右肘の手術明けながらオープン戦で圧巻の投球を見せた大瀬良大地投手。

◆1998年、42歳7カ月で開幕投手に

 いよいよプロ野球が開幕します。未だコロナ禍は続いていますが、無事にシーズンが進むことを期待したいですね。注目の開幕投手ですが、春季キャンプが終わった段階で佐々岡監督が大瀬良を指名しました。右肘の手術明けということで九里や森下の可能性もあったでしょうが、手術の影響を感じさせないほど仕上がりが良いだけに妥当な選択ではないかと思います。

 キャンプは二軍スタートでしたが調整も順調に進み、一軍合流後も良い球を投げていました。オープン戦を見ても、逆に調子が良すぎて心配なくらいです。そこまで大きな手術ではなかったと思いますが、これほど良い状態でシーズンに入ってくるとは当初は予想していませんでした。投手陣の軸として1年通して働いてもらわないと困る選手ですから、飛ばしすぎに注意しつつ、良い状態を開幕以降も持続してほしいですね。

 私も4度、開幕投手を経験させてもらいましたが、そのときに思ったことは「勝ち負けの結果は別にして、早く登板した方がいいな」ということです。もちろん開幕戦ということでプレッシャーもかかりますが、野手と違って、例えば5戦目、6戦目に投げる投手は、その日が開幕という感覚なんです。

 実際にチームが開幕を迎えて、勝ち負けの結果が出てくると、一人で登板日を待つというのは非常に苦しいものがありました。仮にチームが開幕から連勝していたとしたら、それはそれで「自分が連勝を止めたら……」というプレッシャーも出てきますしね。
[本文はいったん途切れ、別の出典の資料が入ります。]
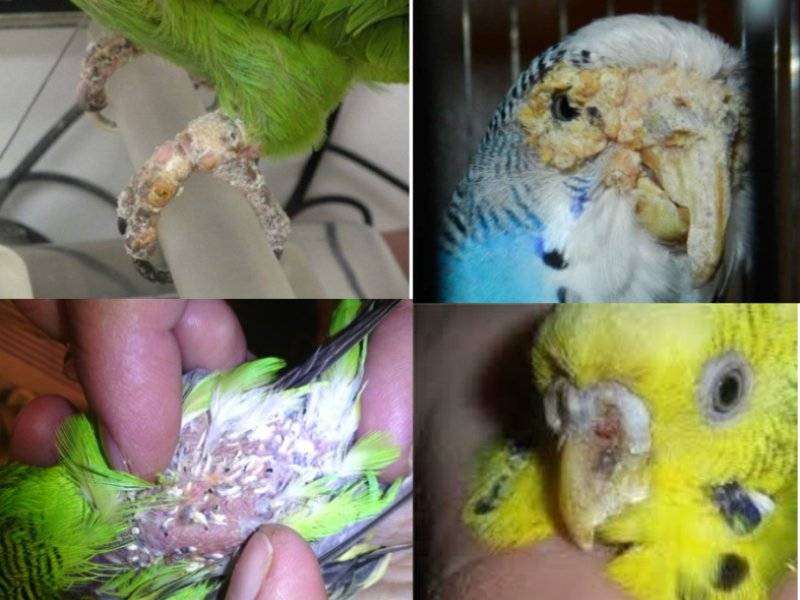 Болезни попугаев: бактериальные, вирусные, грибковые инфекции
そういう意味では一日でも早く登板した方が、結果は別として、変に考えて悩まなくていいなという気持ちはありましたね。

 余談ですが1998年の開幕戦は、42歳だったこともあり、当時の三村監督には「僕が開幕投手をやるようでは優勝できません」と伝えました。1年間、先発ローテを守れるか分からない投手に開幕を任せるのは、チームとしても良いことではありませんから。ただそれでも「お前しかいない」ということで最後は了承しましたけどね。

 話を戻しましょう。3年連続で開幕投手を務める大瀬良には佐々岡監督の期待を意気に感じて、年間を通じてしっかり投げ切って、その上で勝ち星を積み重ねていってほしいですね。開幕投手というのはプロ野球界で、たった12人しか経験することができない特別なものです。そのうちの一人に選ばれたという責任を持って、大瀬良には自分のため、チームのため、ファンのためにも良いスタートを切ってほしいと思います。